Greatest hits album by Elaine Paige
- Released: May 2004
- Label: Warner Strategic Marketing (UK)

Elaine Paige chronology
| A Collection (2002) | Centre Stage: The Very Best of Elaine Paige (2004) | Songbook (2007) |

= Centre Stage: The Very Best of Elaine Paige =

Centre Stage: The Very Best of Elaine Paige is a compilation album by Elaine Paige, released in May 2004.

== Background ==
The album features tracks primarily taken from her back catalogue with Warner Music, and was released by WSM (Warner Special Markets). It is the second compilation album to be subtitled "The Very Best of Elaine Paige" after On Reflection: The Very Best of Elaine Paige.

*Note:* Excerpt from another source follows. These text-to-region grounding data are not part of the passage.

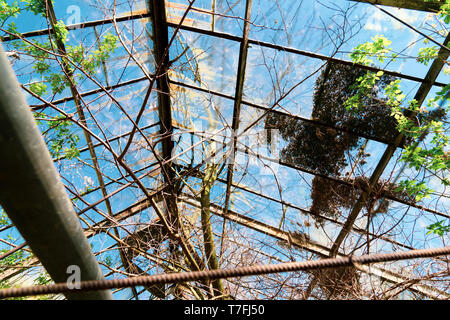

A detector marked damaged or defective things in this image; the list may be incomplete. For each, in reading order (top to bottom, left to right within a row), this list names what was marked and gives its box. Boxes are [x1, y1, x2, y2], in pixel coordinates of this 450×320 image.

rusted metal frame [167, 21, 448, 87]
rusted metal frame [44, 0, 139, 300]
rusted metal frame [179, 127, 450, 220]
rusted metal frame [326, 32, 450, 258]
rusted metal frame [179, 196, 450, 298]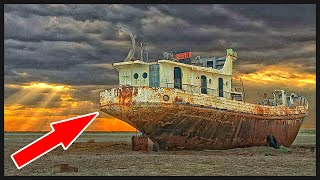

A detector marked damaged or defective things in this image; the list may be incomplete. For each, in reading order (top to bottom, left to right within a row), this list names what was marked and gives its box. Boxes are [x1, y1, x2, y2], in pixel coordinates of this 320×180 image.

rusty ship hull [100, 86, 308, 150]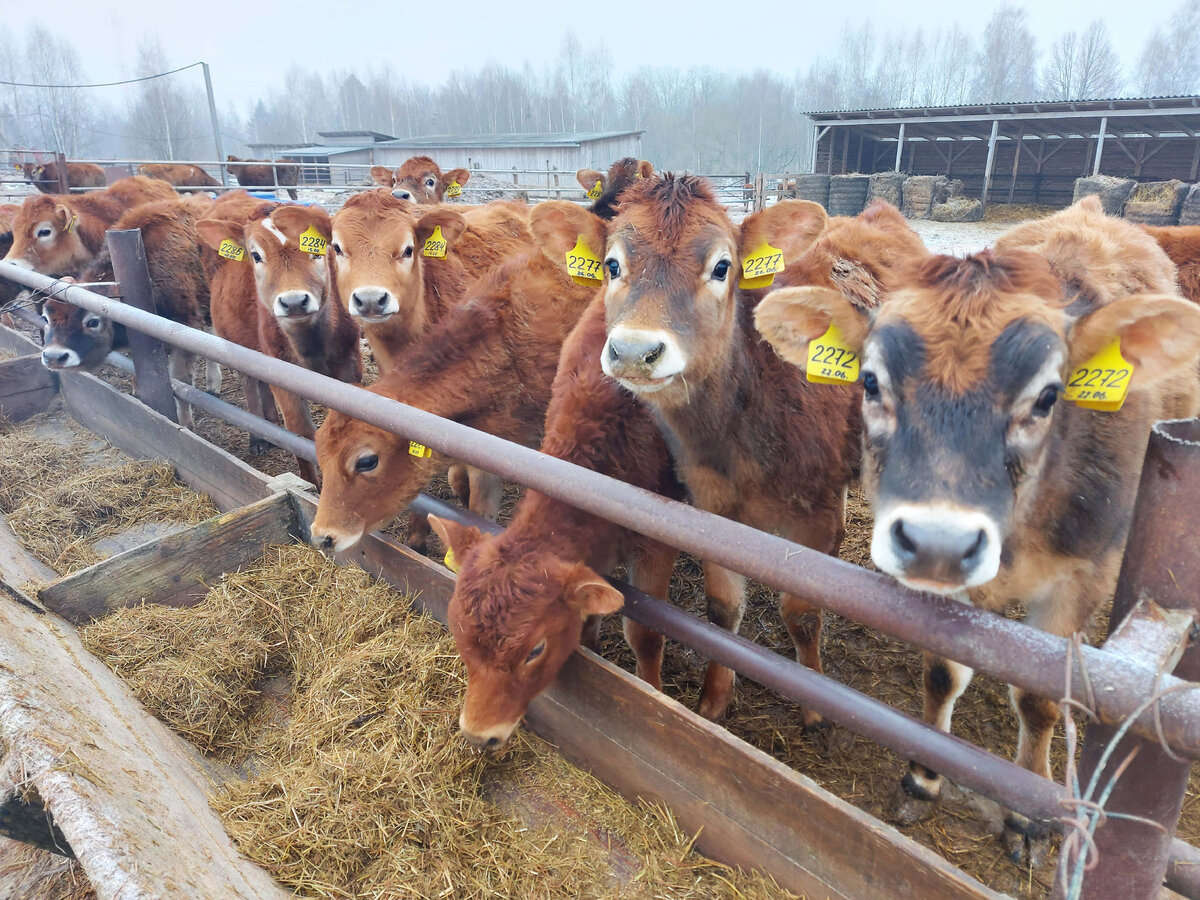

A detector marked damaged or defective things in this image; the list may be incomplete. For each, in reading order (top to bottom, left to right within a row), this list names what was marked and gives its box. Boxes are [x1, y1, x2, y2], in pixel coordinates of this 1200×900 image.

rusty metal fence rail [2, 255, 1200, 900]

The tracks "Something in Red" and "I Didn't Know I Was Saying Goodbye" were recorded for this album and produced by Bobby Huff. The tracks "Change the World", "From the Heart", "One More Time", "Somebody Make Me Laugh", "Is It Me" and "Kind to Animals" were recorded in 2000 and produced by Mike Moran for an album that was planned but never released.

The live recordings of "Miss You Nights" and "Let It Be Me", both duets with Cliff Richard, are taken from DVD of his 1999 London concert Live in the Park.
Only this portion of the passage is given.